The following table gives the data for the average temperature and the snow accumulation in several small towns for a single month. Determine the equation of the regression line, $\widehat{y}=b_{0}+b_{1} x$. Round the slope and $y$-intercept to the nearest thousandth.

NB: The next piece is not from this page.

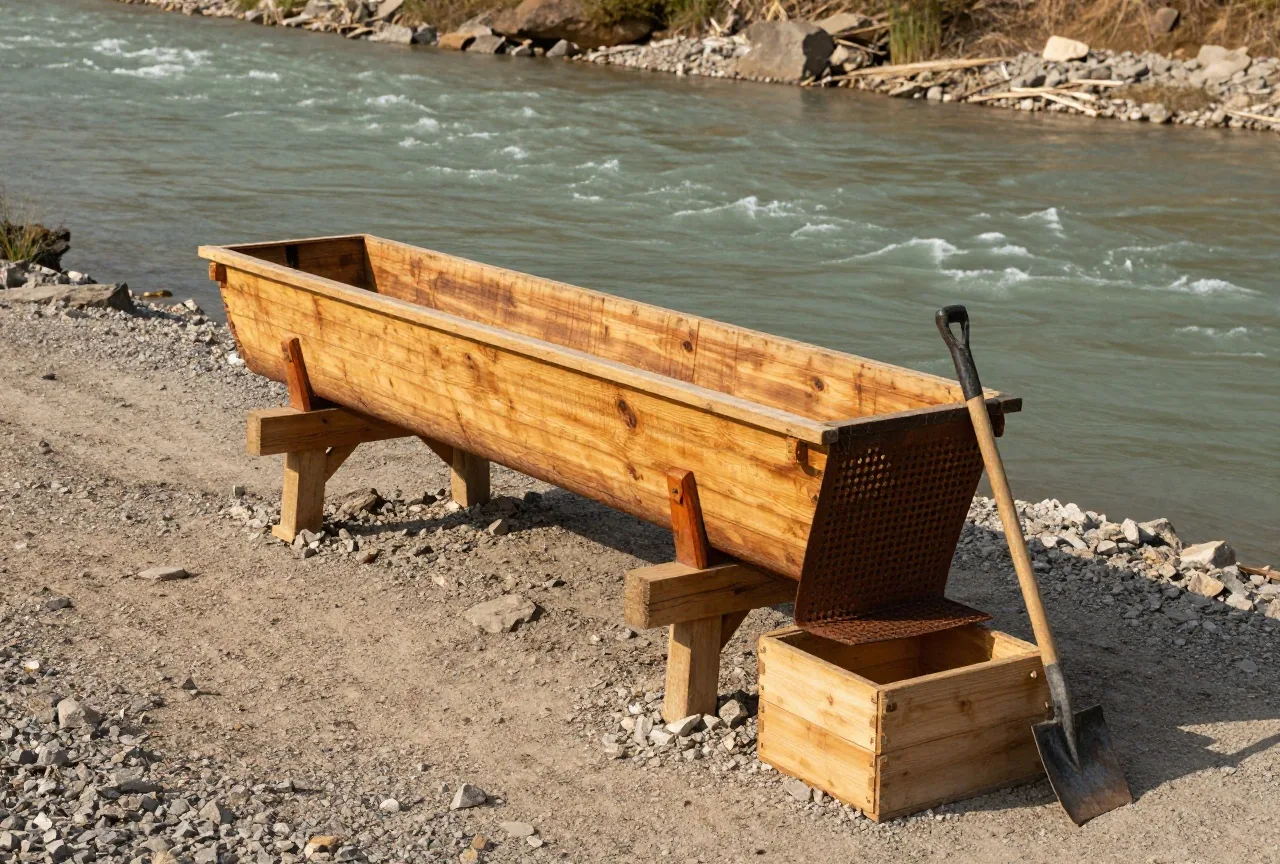 Langer hölzerner Waschtrog mit gelochtem Eisenblech am unteren Ende auf einer Kiesbank an einem Gebirgsfluss, daneben zwei Schaufeln und eine Hacke im warmen Nachmittagslicht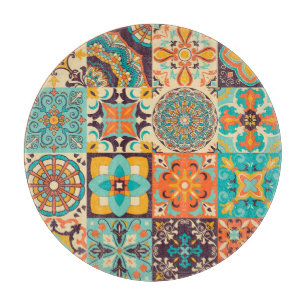 Tabla De Cortar Azulejos coloridos Montaje de mosaicos tradicional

Then determine if the regression equation is appropriate for making predictions at the 0.05 level of significance.
\begin{tabular}{|c|c|c|c|c|c|c|c|c|c|c|}
\hline \multicolumn{10}{|c|}{ Average Temperatures and Snow Accumulations } \\
\hline Average Temperature $\left({ }^{\circ} \mathrm{F}\right)$ & 36 & 34 & 20 & 40 & 45 & 15 & 34 & 21 & 31 & 39 \\
\hline Snow Accumulation (in.) & 5 & 12 & 28 & 9 & 14 & 26 & 26 & 14 & 13 & 8 \\
\hline
\end{tabular}

Step 1 ：Given the average temperatures and snow accumulations for several small towns for a single month, we are asked to determine the equation of the regression line, \(\widehat{y}=b_{0}+b_{1} x\), and round the slope and y-intercept to the nearest thousandth.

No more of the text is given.